◆ **RECORDS FOR THE EXERCISE**:
═══
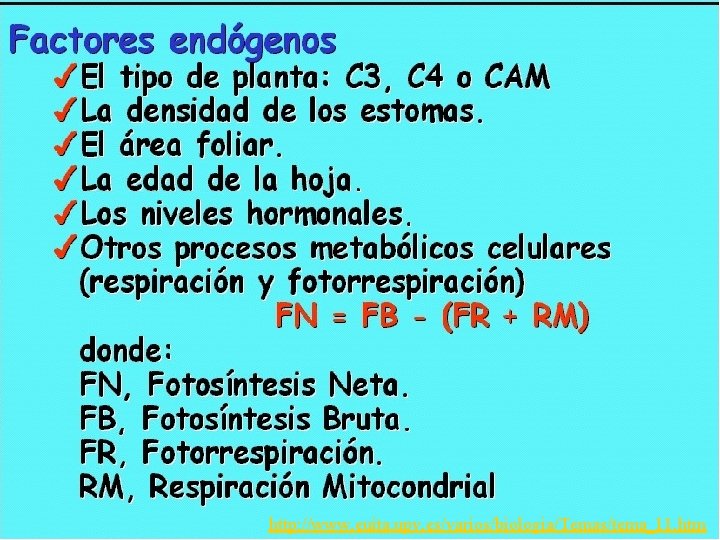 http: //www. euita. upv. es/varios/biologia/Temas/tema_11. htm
═══
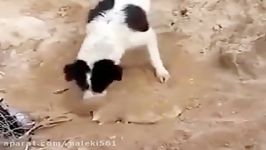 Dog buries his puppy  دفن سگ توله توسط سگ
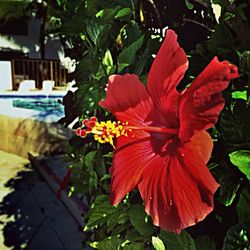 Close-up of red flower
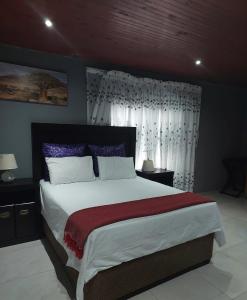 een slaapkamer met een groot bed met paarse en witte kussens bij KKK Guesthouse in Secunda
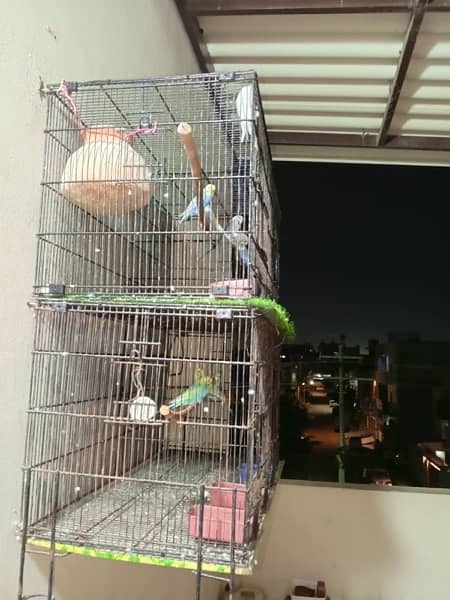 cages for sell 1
═══
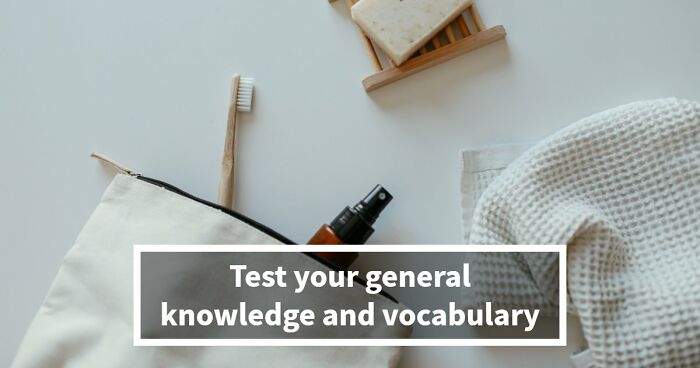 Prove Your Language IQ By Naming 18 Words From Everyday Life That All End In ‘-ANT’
═══
◆ **ASSIGNMENT**: From the material above, reproduce only what runs from the line holding "Dog buries his" down to the line holding "cages for sell 1", both included, pictures excluded.

◆ **EXERCISE OUTPUT**:
 Dog buries his puppy  دفن سگ توله توسط سگ
 Close-up of red flower
 een slaapkamer met een groot bed met paarse en witte kussens bij KKK Guesthouse in Secunda
 cages for sell 1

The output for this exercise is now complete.